Claudio Costa (1942 – 1995) was a Contemporary Artist from the 1970s avant-garde movement.
Personal life
Costa was born to Italian parents in Tirana, Albania. His family returned to Italy the same year he was born and settled in Monleone of Cicagna in Liguria. In 1961, Costa enrolled in the faculty of Architecture at Milan Polytechnic. His interests in the early 1960s were drawing and informal painting. In 1964, he obtained a grant awarded by the French government to go to Paris and study engraving. In 1965, he married Anita Zerio and in the same year their daughter, Marisol, was born.[1] Costa's time in Paris was productive. He met Marcel Duchamp at the rue Daguerre workshop in 1965 and also took part in the May 1968 student protests together with a group of artists, including Pierre Alechinsky, Asger Jorn, Roberto Matta, Antonio Seguí, Silvia Cortazar and others. In the autumn of the same year, he returned to Italy and began living in Rapallo with his family.
Work
Costa's artistic production is divided in several different periods.

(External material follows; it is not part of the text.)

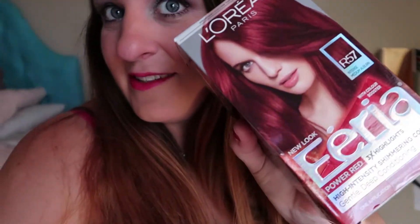Hey guys, welcome back to my channel. Today we are going to do something a little bit different and I am going to dye my hair red. Is that going to be a nice shade on me? I have purchased two boxes of the L'Oreal Feria in R57. It is called Intense Medium Auburn.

He explored Arte povera, Conceptual Art, paleontologist and anthropological art, alchemic art. As an artist associated with the Arte Povera movement, Costa's first exhibition took place at the La Bertesca Gallery in Genova directed by Francesco Masnata. He produced a series of "tele acide" (acid canvases)[2] (1970–1971), where he deployed a new pictorial language made of symbolical and magic elements by mixing them with materials and glue-earth-bone-blood-acids. Costa explained the acid canvases in his writings: "I used three acids and a sulfate; nitric acid, which corroded the support almost immediately, iron chloride which gave a brownish colour, and copper sulphate, which reminded me of the wonderful color of vine leaves when they are sprayed and which I needed to obtain a light blue base".[citation needed] In 1971, Costa investigated the confines between science and art as a paleontologist and anthropologist. He returned to the remote prehistoric past in search of the roots of mankind, especially in pieces like "Museo dell'Uomo" (Museum of Man), where he attempted a summary and condensation of his anthropological studies.[3] "Alchemic Art" was also his main focus when he exhibited at the Venice Biennale in 1986[4] In 1988, he started working in Psychiatric Hospital in Genoa as an art-therapist. Costa had a large workshop inside the hospital. In this period he founded the "Institute for Unconscious Matter and Forms", where he exhibited works of patients as well as professional artists.